Content starts

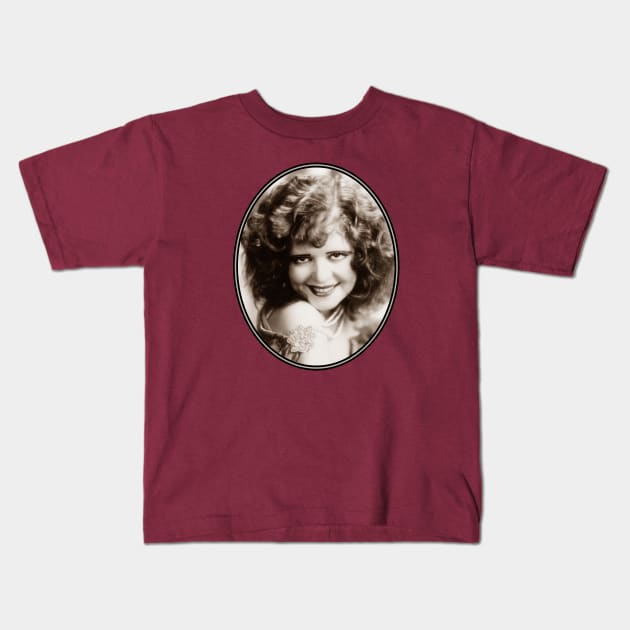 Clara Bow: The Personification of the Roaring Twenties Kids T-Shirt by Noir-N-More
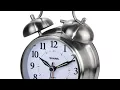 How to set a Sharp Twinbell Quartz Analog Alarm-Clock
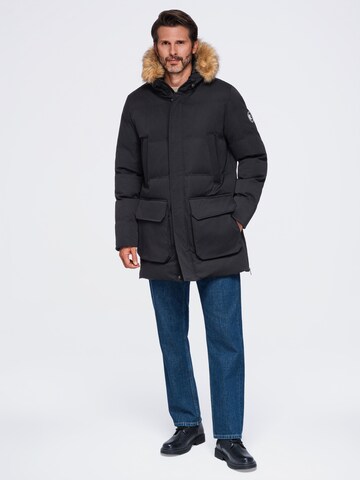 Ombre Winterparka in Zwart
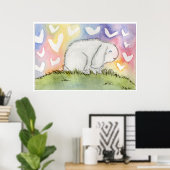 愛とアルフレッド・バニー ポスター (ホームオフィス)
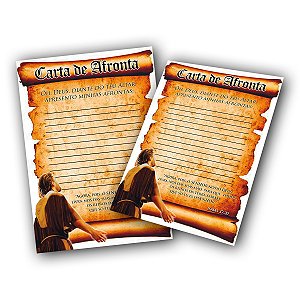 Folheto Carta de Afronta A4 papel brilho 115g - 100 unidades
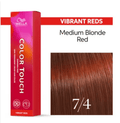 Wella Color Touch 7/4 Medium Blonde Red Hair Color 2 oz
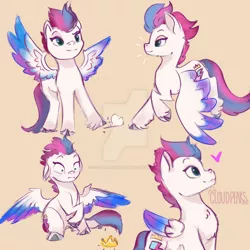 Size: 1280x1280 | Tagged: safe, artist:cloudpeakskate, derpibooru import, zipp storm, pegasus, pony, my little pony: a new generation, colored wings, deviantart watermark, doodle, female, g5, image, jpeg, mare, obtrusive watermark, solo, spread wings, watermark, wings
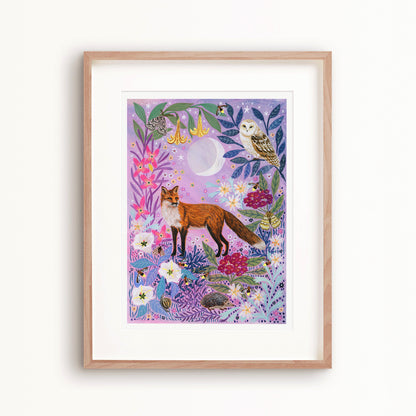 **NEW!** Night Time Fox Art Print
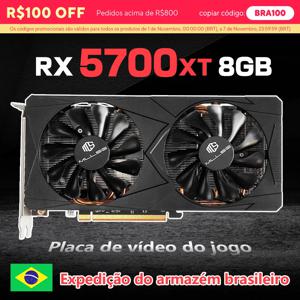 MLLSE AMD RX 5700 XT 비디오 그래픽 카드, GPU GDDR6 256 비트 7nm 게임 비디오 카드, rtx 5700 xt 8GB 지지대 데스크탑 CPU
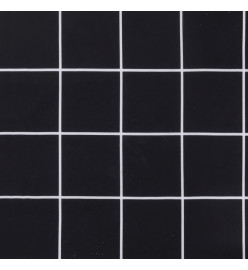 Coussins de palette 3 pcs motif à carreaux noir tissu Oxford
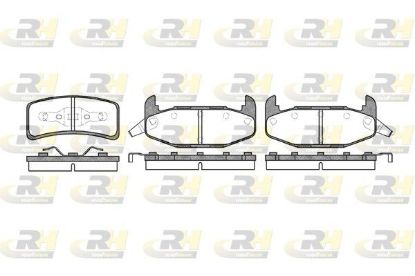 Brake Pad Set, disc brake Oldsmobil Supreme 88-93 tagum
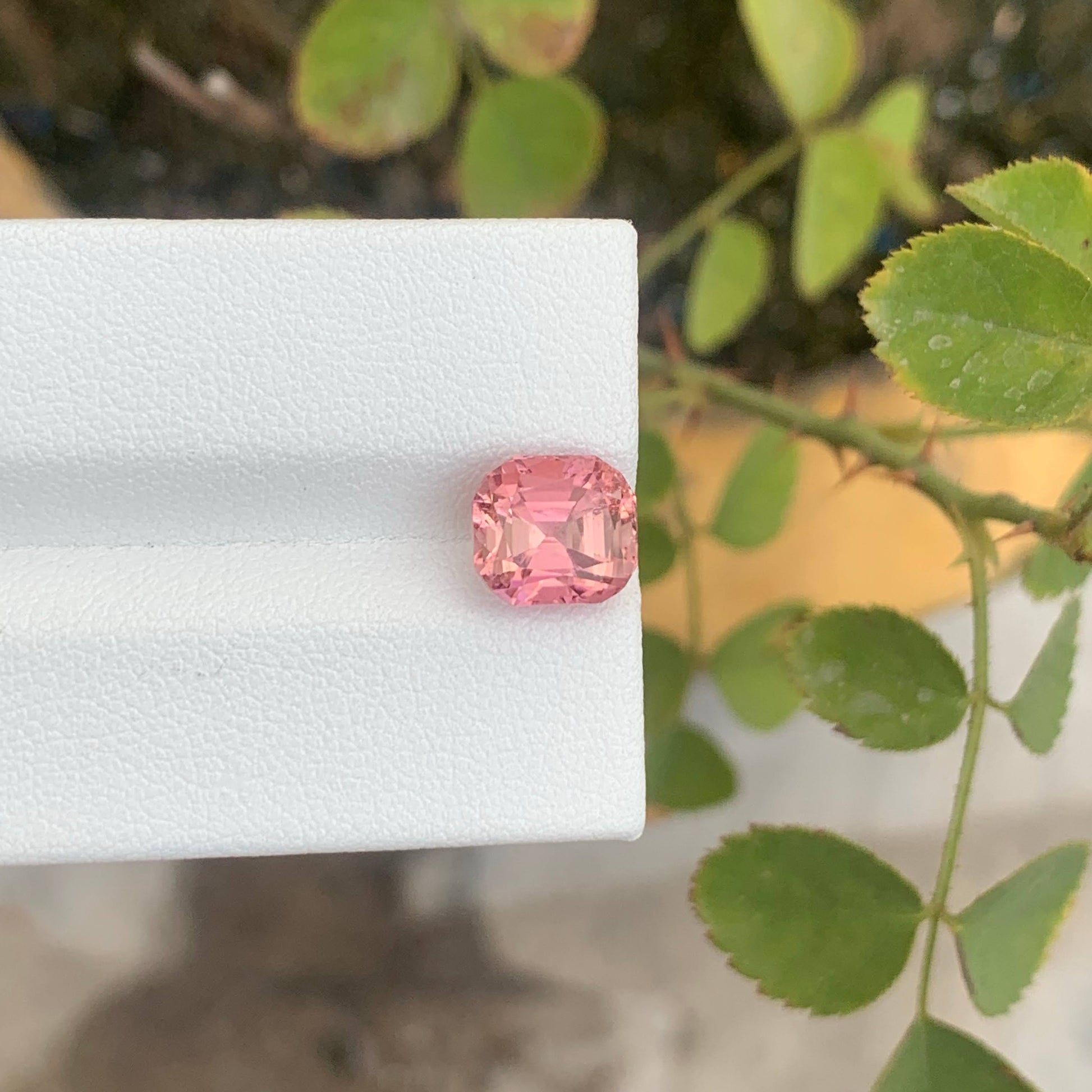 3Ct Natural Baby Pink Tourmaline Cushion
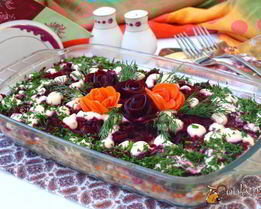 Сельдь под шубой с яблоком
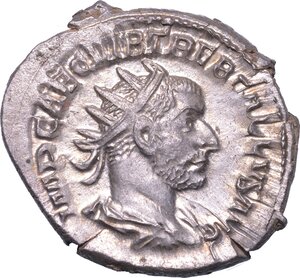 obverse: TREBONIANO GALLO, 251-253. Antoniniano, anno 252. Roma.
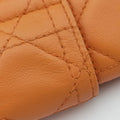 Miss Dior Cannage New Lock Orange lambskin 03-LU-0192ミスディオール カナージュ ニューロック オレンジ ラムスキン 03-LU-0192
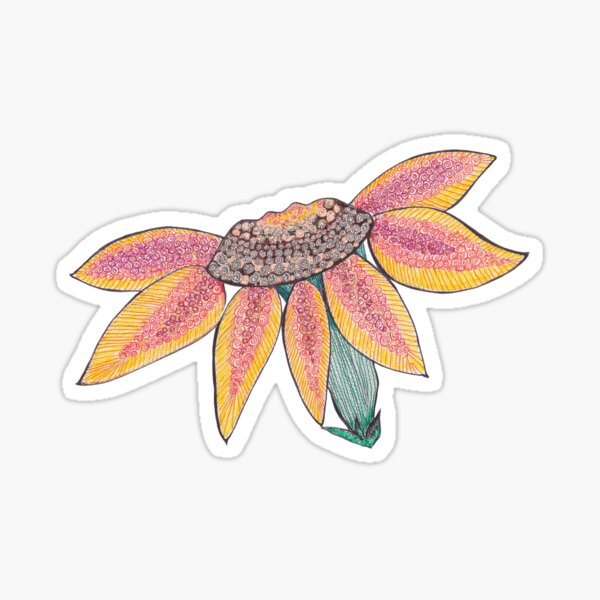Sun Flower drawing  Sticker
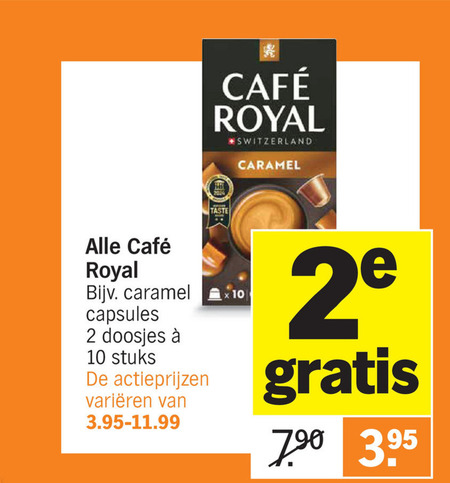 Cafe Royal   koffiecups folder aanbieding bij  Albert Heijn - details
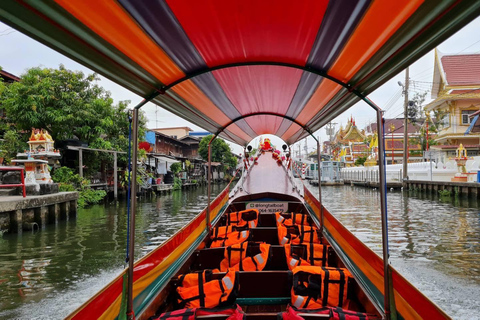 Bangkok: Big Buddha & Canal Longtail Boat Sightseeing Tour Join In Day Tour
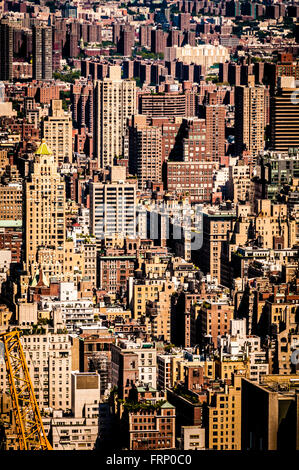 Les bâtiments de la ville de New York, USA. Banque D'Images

Content ends

REQUIRED ACTION: Set down word for word the lines above from the one with "MLLSE AMD RX" up to and including the one with "obverse: TREBONIANO GALLO, 251-253.". Omit every picture.

RESULT:
 MLLSE AMD RX 5700 XT 비디오 그래픽 카드, GPU GDDR6 256 비트 7nm 게임 비디오 카드, rtx 5700 xt 8GB 지지대 데스크탑 CPU
 Coussins de palette 3 pcs motif à carreaux noir tissu Oxford
 Brake Pad Set, disc brake Oldsmobil Supreme 88-93 tagum
 3Ct Natural Baby Pink Tourmaline Cushion
 Сельдь под шубой с яблоком
 obverse: TREBONIANO GALLO, 251-253. Antoniniano, anno 252. Roma.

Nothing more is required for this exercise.